Allí, Samuel Billy Wilder afrontó su futuro con sólo once dólares en el bolsillo. Aprendió el idioma, viajó a Hollywood y pasó por muchas productoras ofreciendo sus guiones hasta recalar en la Paramount. Hasta levantar una aventura cinematográfica brillante (“Su principal aportación al cine norteamericano es la inteligencia”, señaló, certeramente, Stephen Farber en The New York Times) que tuvo una de sus últimas paradas en un texto, Primera Plana (The Front Page), aplaudido en Broadway y llevado ya a la gran pantalla con anterioridad por Lewis Milestone (Un gran reportaje, en 1931) y Howard Hawks (Luna nueva, en 1940). Sin embargo, con casi setenta años, Wilder convirtió la historia firmada por Ben Hecht –aquel redactor del Chicago Daily News reconvertido a guionista de éxito– y Charles MacArthur en un tributo al periodismo que él había conocido en Viena y Berlín durante los años veinte.

La apuesta del director de El apartamento o Irma la dulce coincidía, además, con el propósito inicial de los autores de la pieza teatral. Hecht y MacArthur señalaron en el epílogo de la obra, en 1928, que su impulso inicial fue escribir un texto que recogiera el desprecio que albergaban por la que había sido su profesión, el periodismo. Sin embargo, a medida que la escribían, se dieron cuenta de que su actitud era falaz, pues ambos añoraban los años que habían pasado en las redacciones. La obra terminó siendo un cariñoso homenaje a su antigua profesión y a sus compañeros, y también un tributo a la ciudad de Chicago. Escribir Primera plana, confesaban finalmente los autores, les había ayudado a comprender que, en realidad, no eran dos dramaturgos o intelectuales, sino simplemente dos periodistas en el exilio.

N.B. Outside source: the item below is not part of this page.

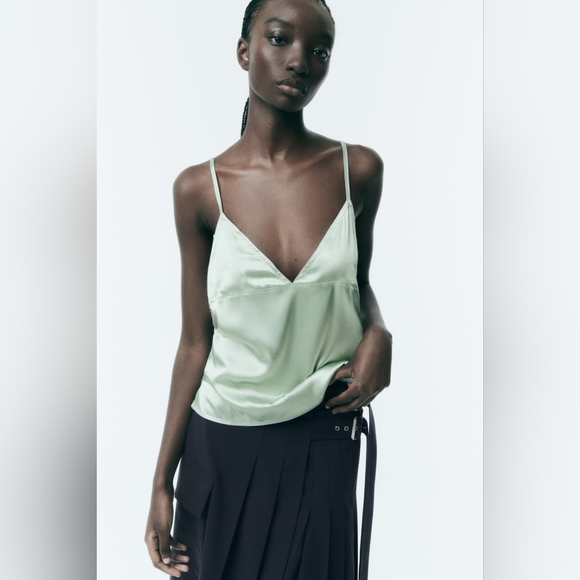 MIXED KNIT CAMISOLE/Satin - Picture 1 of 9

Junto a su colaborador I. A. L. Diamond –también experiodista–, Wilder situó su versión de Primera plana el 6 de junio de 1929, por lo que inundó los diálogos de alusiones a personajes y sucesos de los años veinte que fueran fácilmente identificables para los espectadores de la década de los setenta. Ese ejercicio de añoranza también alcanzó al periodismo. Y lo hizo a través de la mención a algunas de las firmas más populares de aquellos días (Heywood Broun, H.L. Mencken y el propio Ben Hecht, por ejemplo) y a los hitos de la profesión, como la publicación de la imagen en portada la ejecución de Ruth Snyder en el New York Daily News en enero de 1928, tomada por el fotógrafo Tom Howard con una cámara atada al tobillo, y los guiños sobre el caso Watergate, pues la película se estrenó sólo cuatro meses después de la dimisión de Richard Nixon.

“En aquellos días, un periodista era una mezcla de detective privado y poeta. Si eras bueno, podías mejorar la historia; te sentías como un inventor, un descubridor, un explorador, un dramaturgo... Dabas rienda suelta a lo que había en tu interior: la historia comenzaba con algo bastante simple y tú la convertías en Los tres mosqueteros. Además, estaba la dedicación a tiempo completo –la noción de una familia era imposible para un lobo solitario–, y la camaradería y la rivalidad en la sala de prensa...”, recordaría Billy Wilder, quien siempre gastó, una profunda admiración por Chaplin, el primer periodista que se asomó a una gran pantalla. “Al crear a Chaplin, Dios estaba en buena forma. Necesitará uno o dos siglos para conseguir hacer otro genio de este calibre”, escribió. Otra forma de contarlo, como las historias del periodismo en el cine.